Regular and Frequent Price Increases
Through regular and frequent price increases, along with an expanding market for adalimumab, AbbVie has succeeded in increasing its annual US Humira revenues from $200,000 in 2003 to $16.1 billion in 2020. The report contends this was partly accomplished by tying executive compensation at the company directly to Humira net revenue.
“The first year this net revenue incentive was added to the calculation coincided with the highest period of price increases in Humira’s history—over 30% in a 10-month period,” the report said.
AbbVie has raised the price of Humira 27 times, so that a 40-mg/mL syringe of adalimumab in the United States is now priced at $2984 ($77,586 annually), which represents a 470% increase from when the drug launched in 2003. Meanwhile, Humira prices in the European Union, where adalimumab biosimilars have been marketed, are often less than half or one-third the cost of adalimumab in the United States.
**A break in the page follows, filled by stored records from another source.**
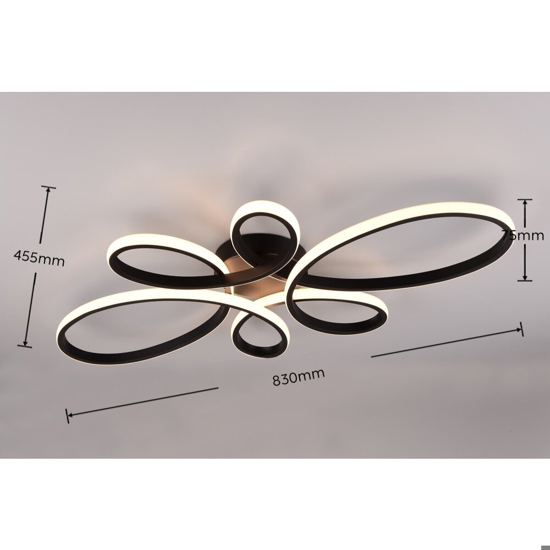 Plafoniera da cucina led 3000k nera dimmerabile moderna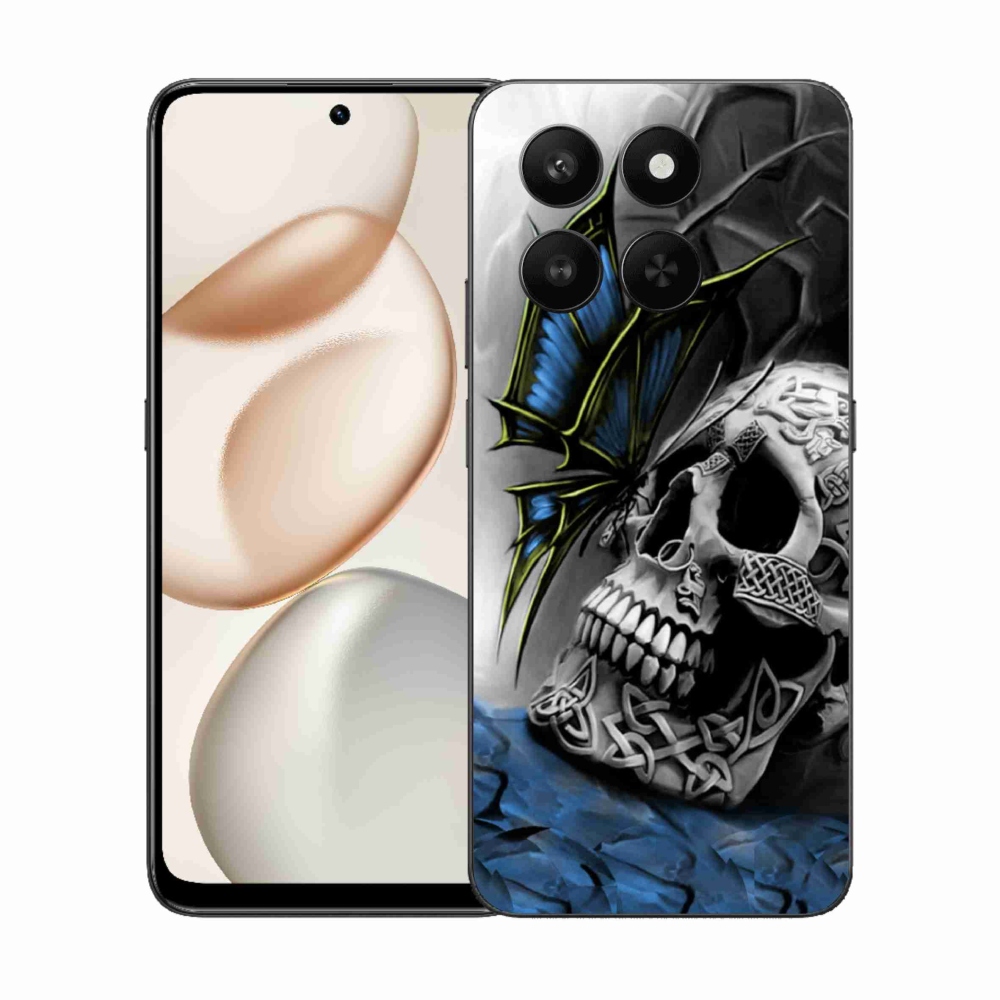 Zselés borítás mmCase a Honor 400 Smart 5G/4G/Honor X7d számára - pillangó és koponya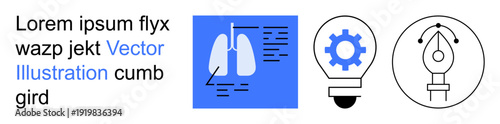 Healthcare, creativity, innovation, medical research, graphic design, knowledge sharing. ion of lungs, light bulb with gear and pen tool symbols. Healthcare and creativity concept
Another allegation in the report suggests, if not price fixing, an unspoken collaboration with a competitor to avoid allowing either company’s product to undersell the other. The report states that Humira’s closest competing drug is Amgen’s etanercept (Enbrel), which also has full exclusivity in the United States, owing to patent protections.
“Instead of pricing Humira and Enbrel below one another to gain market share—as expected in a competitive market—AbbVie and Amgen engaged in a practice known as 'shadow pricing,' consistently following the other company’s price increases.”
From 2003 to 2021, the prices of Humira and Enbrel mirrored each other almost exactly throughout dozens of price increases, according to the report (Chart).
The House report also describes similar practices for another AbbVie blockbuster drug, ibrutinib (Imbruvica), a small molecule product used for the treatment of hematologic cancers.
“These price hikes contributed to billions of dollars in corporate profits and enriched company executives while harming American patients and taxpayers,” the report said.